Task statement:
Restate word for word the lines from the one bearing "12 Photograph of" through the end of the entries below, and leave every picture out.
####
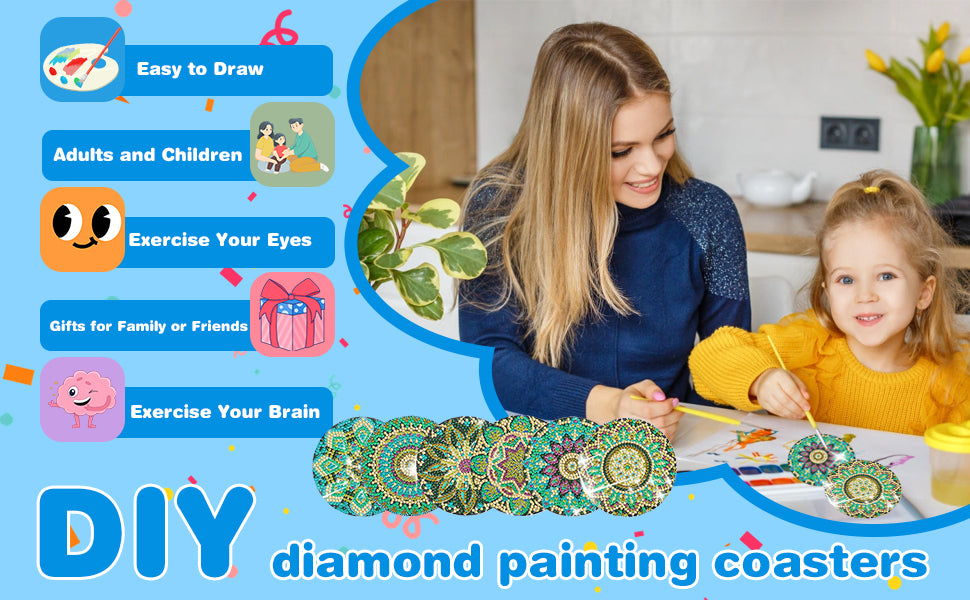 6Pcs DIY Wood Cup Coasters with Holder for Tabletop Protection (Mandala)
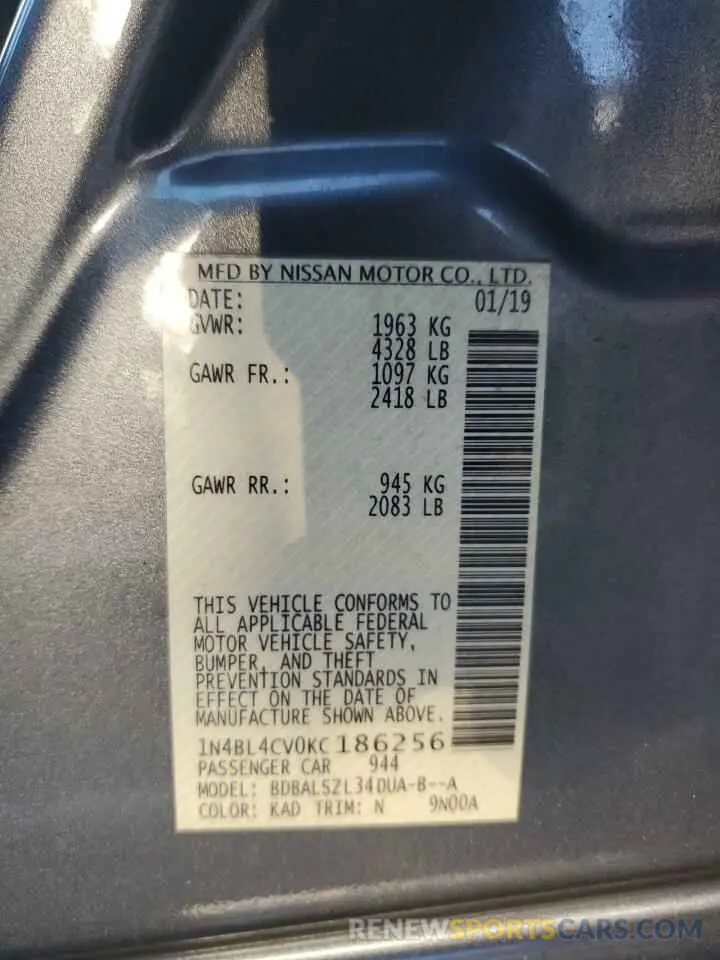 12 Photograph of a damaged car 1N4BL4CV0KC186256 NISSAN ALTIMA 2019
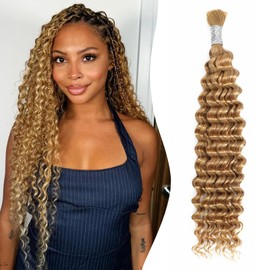 Blonde Human Hair Boho Braiding Hair – Wet & Wavy Bulk Hair for Knotless Braids Crochet Braiding Human Hair Pre-Stretched No Weft (26Inch，100g，Blonde）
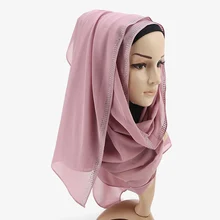 Женский шифоновый шарф с пузырьками, простая упаковка, блестящие чашки, цепь, стразы платочная повязка на голову, мусульманские хиджабы, шарфы/шарф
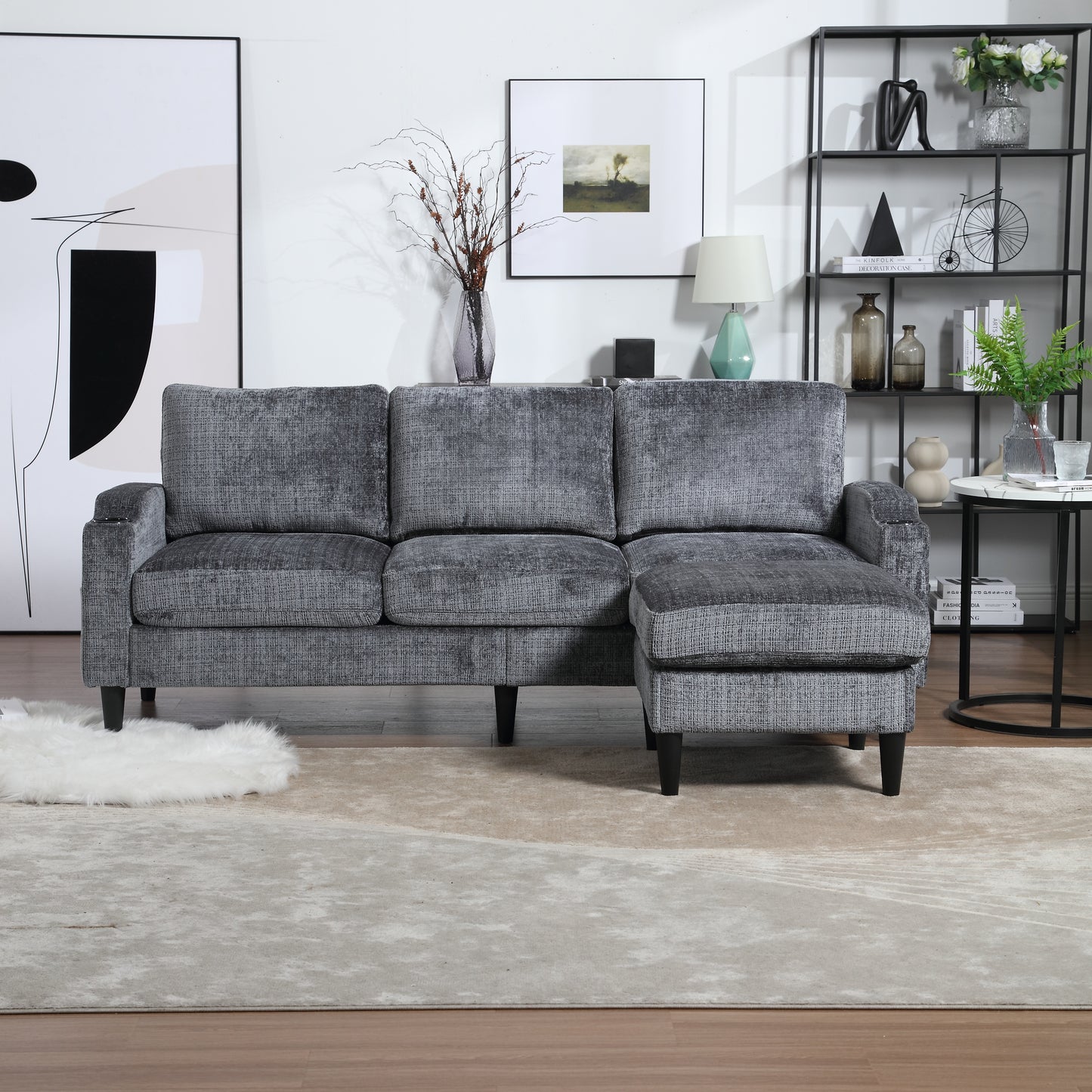 Gray fabric sectional sofa with chaise lounge plush cushions and modern design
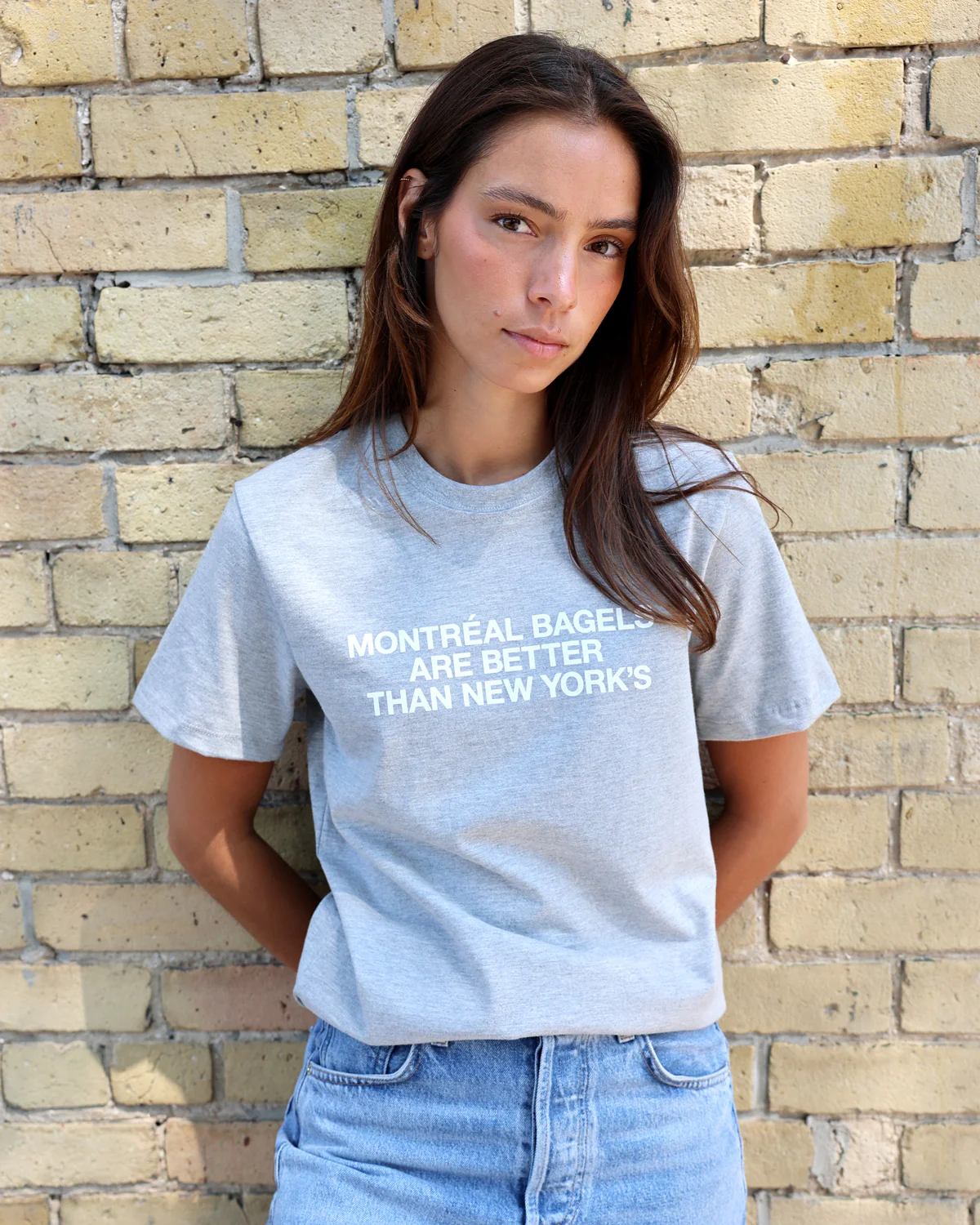 Montreal Bagels Tee Heather Grey - Unisex - Image 5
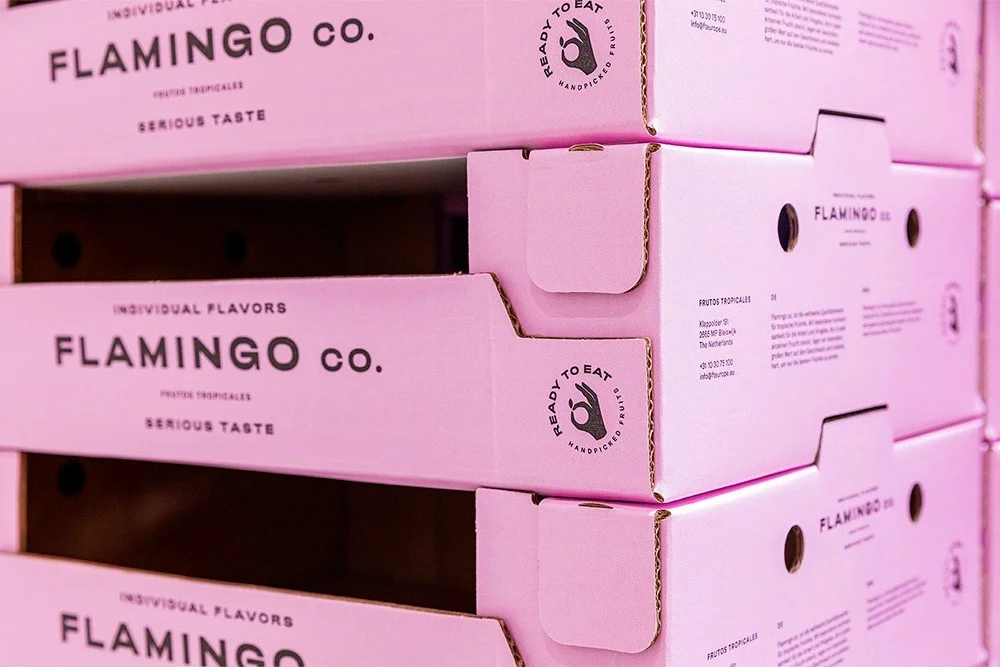 Packed Flamingo fruit cartons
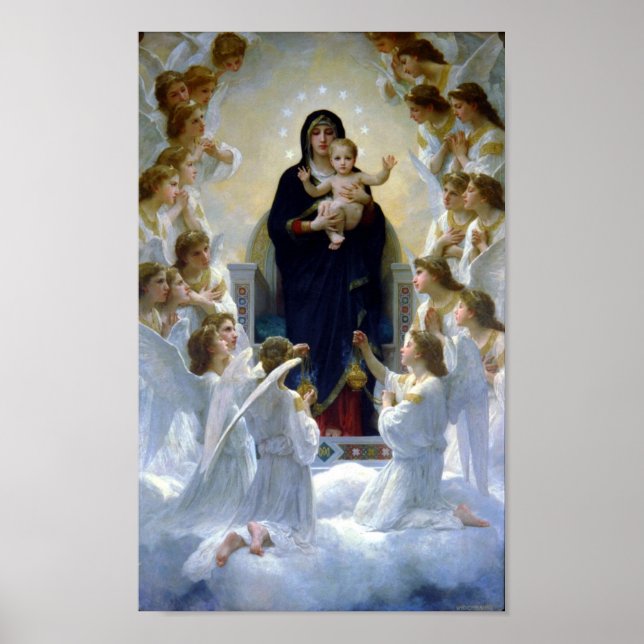 Poster Madona Reine des Anges Bouguereau Regina Angelorum (Devant)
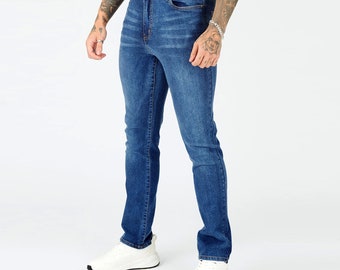 Slim-fit denimjeans: middenblauwe wassing, stretchkatoen
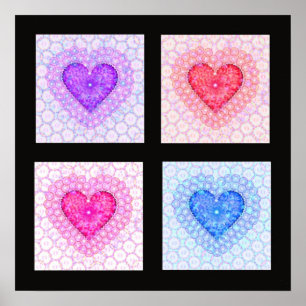 Poster colorido de quatro corações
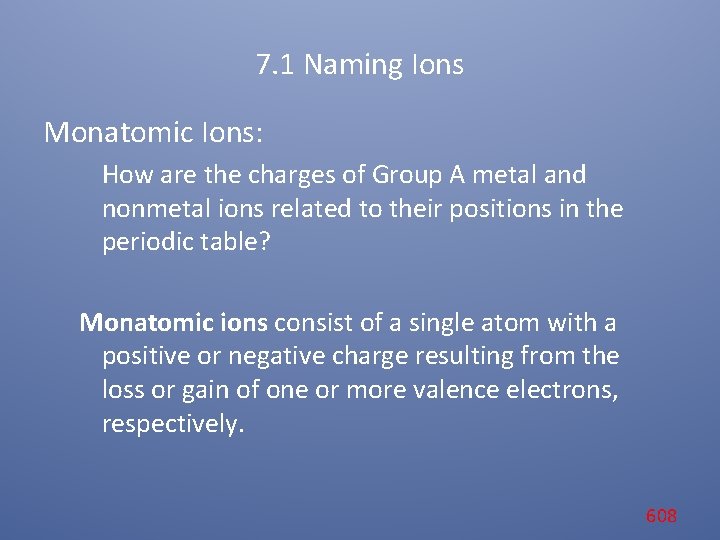 7. 1 Naming Ions Monatomic Ions: How are the charges of Group A metal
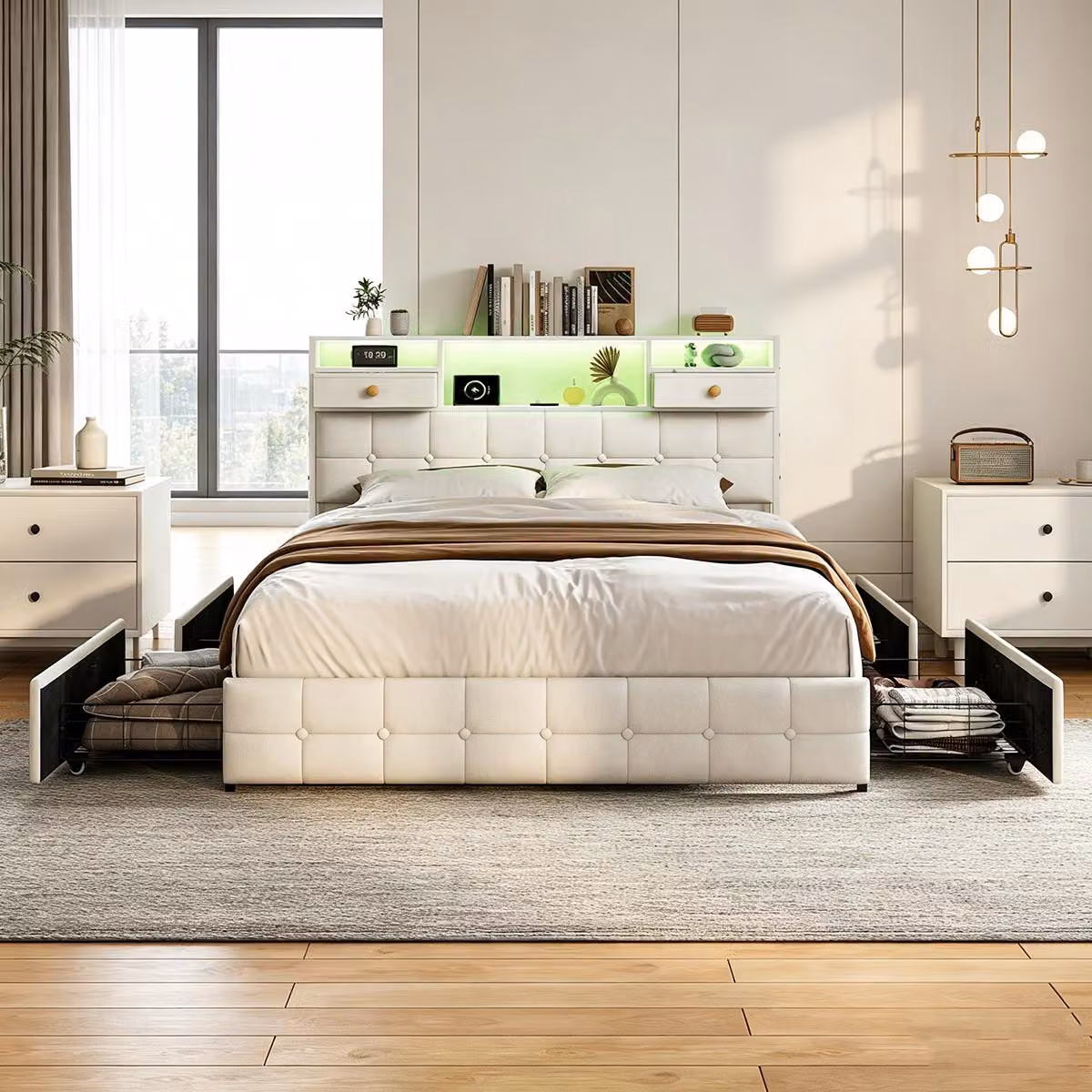 Letto contenitore con boxspring, imbottito, 160x200 cm, con illuminazione LED e porte USB/C, dotato di 4 cassetti, struttura letto matrimoniale con rete a molle, rivestito in velluto, colore beige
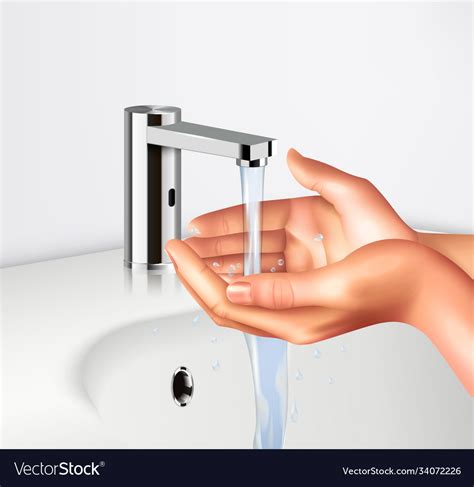 Water Faucet With Washing Hands Royalty Free Vector Image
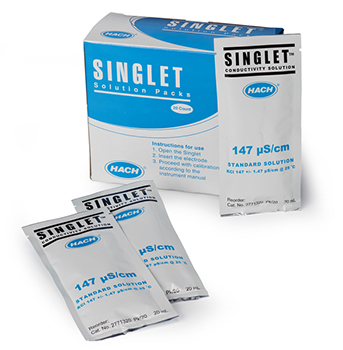 solucin estndar, conductividad de un solo uso Singlet, 147 &miro;S/cm, KCl, 20 mL, 20 unid, HACH®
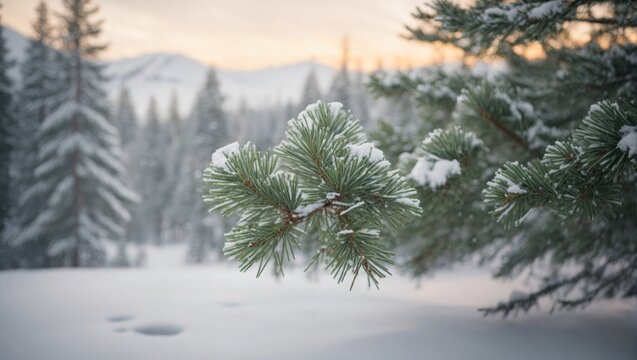 a close up of a pine tree in the snow, evergreen branches, dusting of snow, winter in the snow, pale as the first snow of winter, snowy landscape, frosty morning, snow-covered trees, winter wonderland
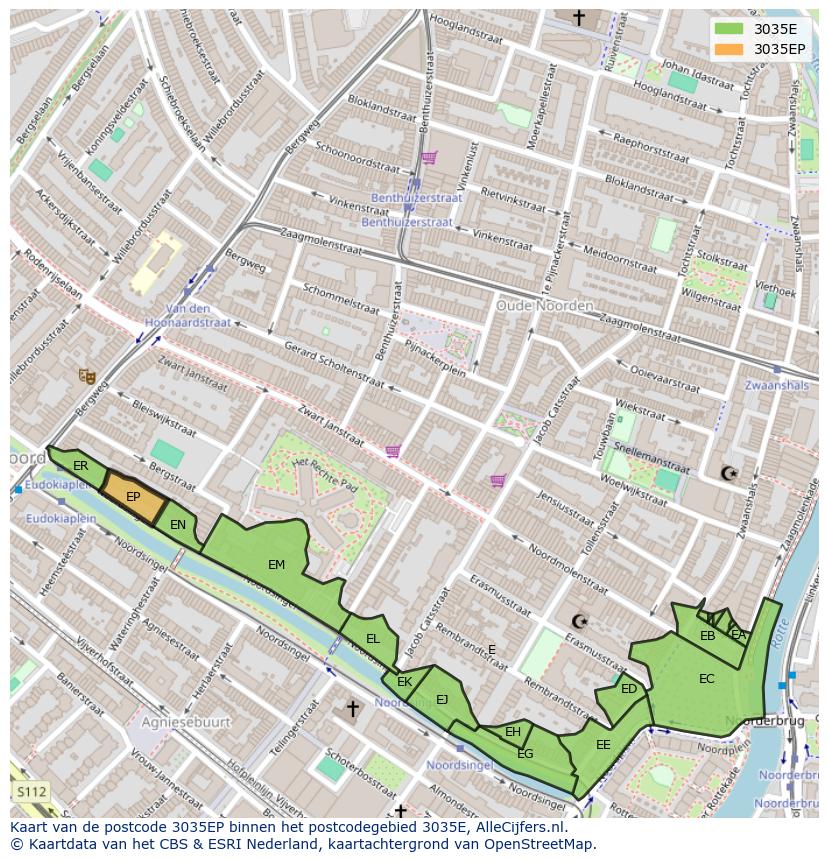 Afbeelding van het postcodegebied 3035 EP op de kaart.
####
Solution:
 12 Photograph of a damaged car 1N4BL4CV0KC186256 NISSAN ALTIMA 2019
 Blonde Human Hair Boho Braiding Hair – Wet & Wavy Bulk Hair for Knotless Braids Crochet Braiding Human Hair Pre-Stretched No Weft (26Inch，100g，Blonde）
 Женский шифоновый шарф с пузырьками, простая упаковка, блестящие чашки, цепь, стразы платочная повязка на голову, мусульманские хиджабы, шарфы/шарф
 Gray fabric sectional sofa with chaise lounge plush cushions and modern design
 Montreal Bagels Tee Heather Grey - Unisex - Image 5
 Packed Flamingo fruit cartons
 Poster Madona Reine des Anges Bouguereau Regina Angelorum (Devant)
 Slim-fit denimjeans: middenblauwe wassing, stretchkatoen
 Poster colorido de quatro corações
 7. 1 Naming Ions Monatomic Ions: How are the charges of Group A metal
 Letto contenitore con boxspring, imbottito, 160x200 cm, con illuminazione LED e porte USB/C, dotato di 4 cassetti, struttura letto matrimoniale con rete a molle, rivestito in velluto, colore beige
 Water Faucet With Washing Hands Royalty Free Vector Image
 solucin estndar, conductividad de un solo uso Singlet, 147 &miro;S/cm, KCl, 20 mL, 20 unid, HACH®
 a close up of a pine tree in the snow, evergreen branches, dusting of snow, winter in the snow, pale as the first snow of winter, snowy landscape, frosty morning, snow-covered trees, winter wonderland
 Afbeelding van het postcodegebied 3035 EP op de kaart.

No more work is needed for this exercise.